▶ **Task to complete**
Your output should be an exact copy of the records, with no pictures in it.

▶ **Information**
========

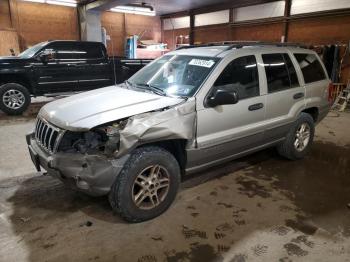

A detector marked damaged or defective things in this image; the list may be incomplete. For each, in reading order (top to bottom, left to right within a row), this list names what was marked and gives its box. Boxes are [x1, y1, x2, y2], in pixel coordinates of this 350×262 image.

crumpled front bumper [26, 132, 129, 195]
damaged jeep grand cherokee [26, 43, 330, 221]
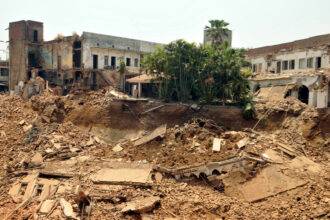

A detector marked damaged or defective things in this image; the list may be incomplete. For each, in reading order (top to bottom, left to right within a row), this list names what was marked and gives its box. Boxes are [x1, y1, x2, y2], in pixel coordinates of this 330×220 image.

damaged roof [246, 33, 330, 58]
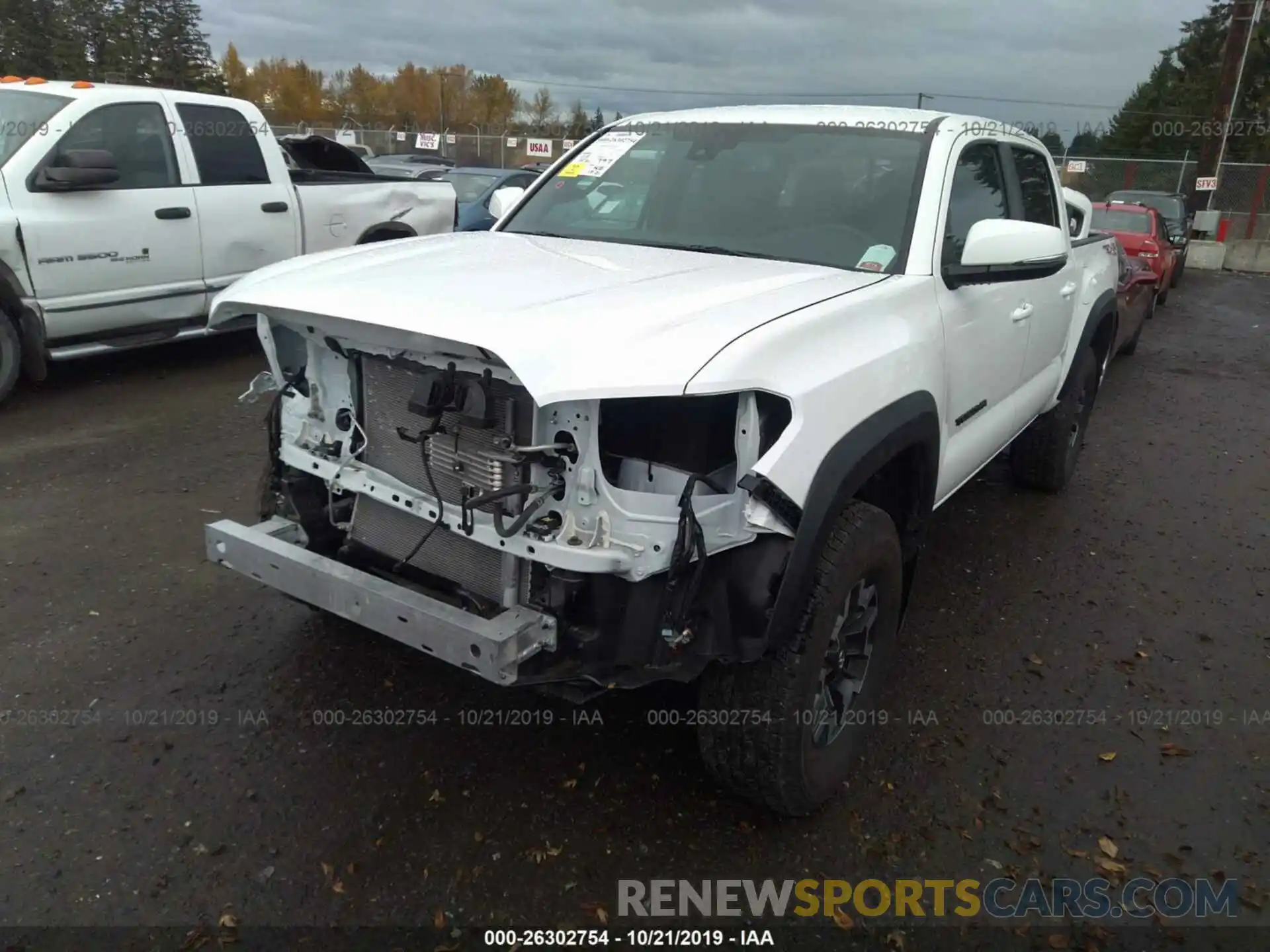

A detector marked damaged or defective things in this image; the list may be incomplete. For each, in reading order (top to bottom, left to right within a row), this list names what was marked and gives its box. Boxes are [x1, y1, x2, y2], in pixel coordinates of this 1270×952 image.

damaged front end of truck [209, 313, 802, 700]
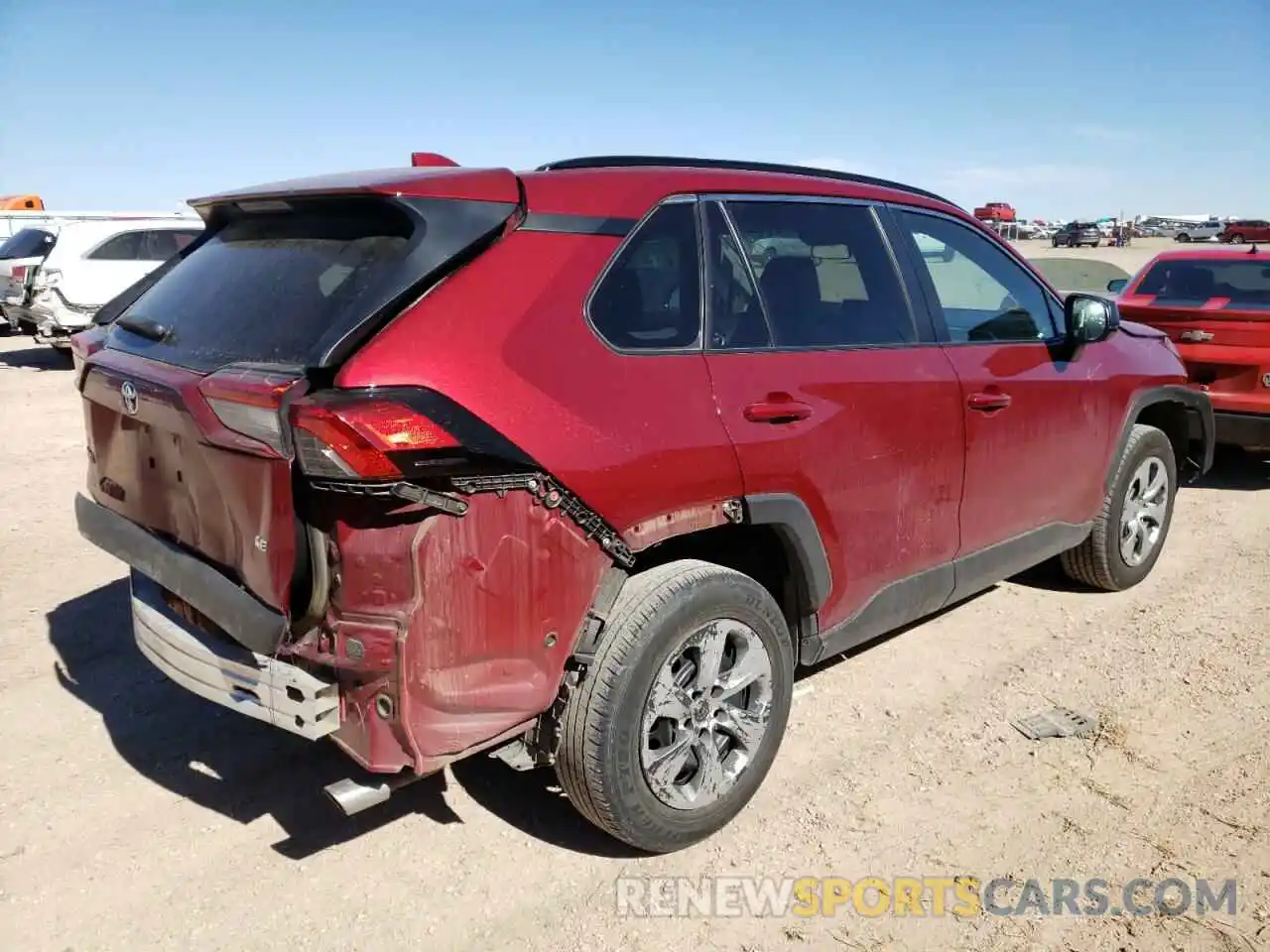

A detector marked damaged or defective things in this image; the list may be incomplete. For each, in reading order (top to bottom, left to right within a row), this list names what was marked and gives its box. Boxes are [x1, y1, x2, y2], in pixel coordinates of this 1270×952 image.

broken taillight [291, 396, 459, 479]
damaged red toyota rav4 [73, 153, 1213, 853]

========

▶ **Response to the task**
A detector marked damaged or defective things in this image; the list may be incomplete. For each, in reading order (top to bottom, left to right within a row), this list names what was marked and gives its box. Boxes are [x1, y1, x2, y2], in pixel coordinates of this 350×262 image.

crumpled front bumper [26, 132, 129, 195]
damaged jeep grand cherokee [26, 43, 330, 221]

A detector marked damaged or defective things in this image; the list may be incomplete. For each, in reading order (top to bottom, left to right within a row), this list names what was marked and gives its box. Boxes are [x1, y1, x2, y2], in pixel coordinates of this 330×220 image.

damaged roof [246, 33, 330, 58]

A detector marked damaged or defective things in this image; the list may be incomplete. For each, in reading order (top to bottom, left to right within a row), this list names what was marked and gives its box. Boxes are [x1, y1, x2, y2], in pixel coordinates of this 1270×952 image.

damaged front end of truck [209, 313, 802, 700]

A detector marked damaged or defective things in this image; the list may be incomplete. For each, in reading order (top to bottom, left to right within a row), this list names what was marked and gives its box. Boxes are [x1, y1, x2, y2], in pixel coordinates of this 1270×952 image.

broken taillight [291, 396, 459, 479]
damaged red toyota rav4 [73, 153, 1213, 853]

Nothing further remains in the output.